I was thinking about my faith life today, as I watched the snow come down. I could make the analogy of God blanketing us with his love like the way the snow blankets the landscape. But I actually wasn't thinking that. What I was thinking is how we seem sometimes to want to cover up our flaws and humanity when we tell the world we are Christians. We cover up the heart in need of repair and the hopes that have become somewhat twisted like the branches of the trees outside the window. Why do we do that? I read a devotional which said that we thought as Christians we had to be strong. We had to show the world how morally upright, sound of body and spirit and well, holy we were; so that others would want to be like us. Except we aren't all that morally upright. At least I'm not. And my soundness of spirit is definitely lacking. Which is why its important to scrape away the stuff that covers our sin and our brokenness. We need to show others how it looks to be a Christian by looking at how much we need Jesus, not by how nice it looks. We need to chip away the veneer of self-supporting righteousness and show our vulnerability. Why else would we need a Savior if we weren't that good or strong to begin with? The answer of course, is that we wouldn't need one. But we do. And he is there, just like the snow covering us. Except he knows our flaws and failures and it doesn't matter, because he loves us anyway, thank goodness.

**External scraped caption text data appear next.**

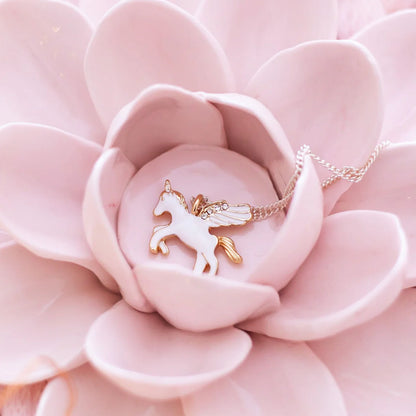 Unicorn Necklace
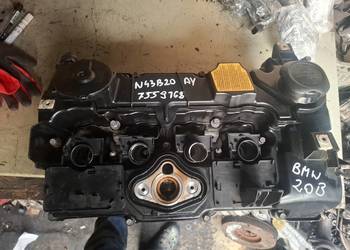 BMW E60 E90 E91 2,0 b głowica kompletna pokrywa 7559168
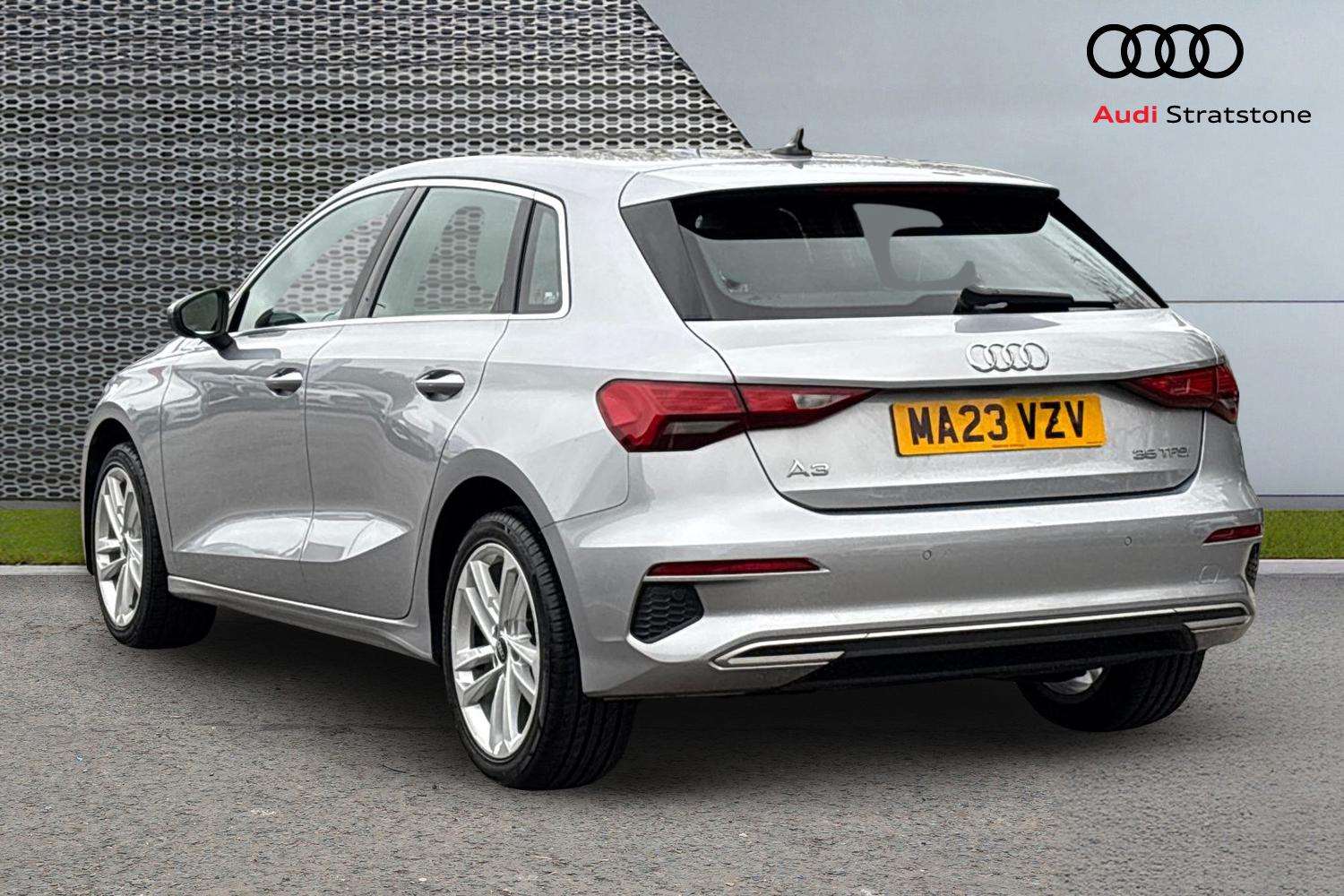 Used Audi A3 2023 for sale - 77858572: Photo 3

So when you're out shoveling later on, remember that yes, God's love does blanket us. And even though we're as uneven as the pavement we're shoveling, we're still beautiful in his sight. So share that uneven brokenness with others, so that they might see the light of Christ through you.

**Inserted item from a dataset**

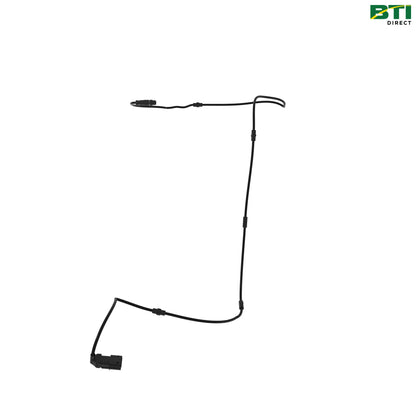 RE340137: Monitor Wiring Harness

Wednesday, January 12, 2011

I Need Jesus to Walk With Me

I was reading a devotional booklet the other day. I was looking for some answers to some really hard questions. The questions were raised after the Arizona shooting. The questions were not, "Why" nor, "How". The questions were not linear or even really put into words. But they were there in my mind anyway. There were more questions too, when I read that some folks were going to go to a funeral of a child and protest because they felt the shooting was a "sign" of something.

A sign of something.

Well, it probably was a sign of something. But I'm thinking the sign they're looking at doesn't have anything to do with a Savior of love. Or with a God of compassion and forgiveness either. Sometimes I believe the world has gone mad. And sometimes my faith is hard to grasp hold of and onto in the midst of these headlines. But I remember also, that I am not God. I do not know everything in all circumstances. I cannot fathom why such things happen, but I cannot fathom how snowflakes are all different or how the world was made either. Do the people who plan to protest know God so well, so intimately that they are sure what happened was "God" sent? How can you be THAT sure of God? And of humans for that matter? The devotional said this and it spoke to me, "...worshiping morality instead of Jesus is just idolatry. When I'm consumed with my moral performance and find myself obsessively evaluating the morality of others, I've become a believer in moralism, not the gospel."

I'm a believer of Jesus and I'd rather have him explain to me the things I don't understand when I meet him than have some rabble-rousing mob scream things at me when I need compassion and understanding in the here and now. I would wish that Jesus would be with that group of people who think they are doing the Lord's work and help them see that love is what the Lord is about, not judgment and condemnation which seems to be what they are about. I know that Jesus is with us, walking with us and keeping us in his heart, even if we don't have him in ours.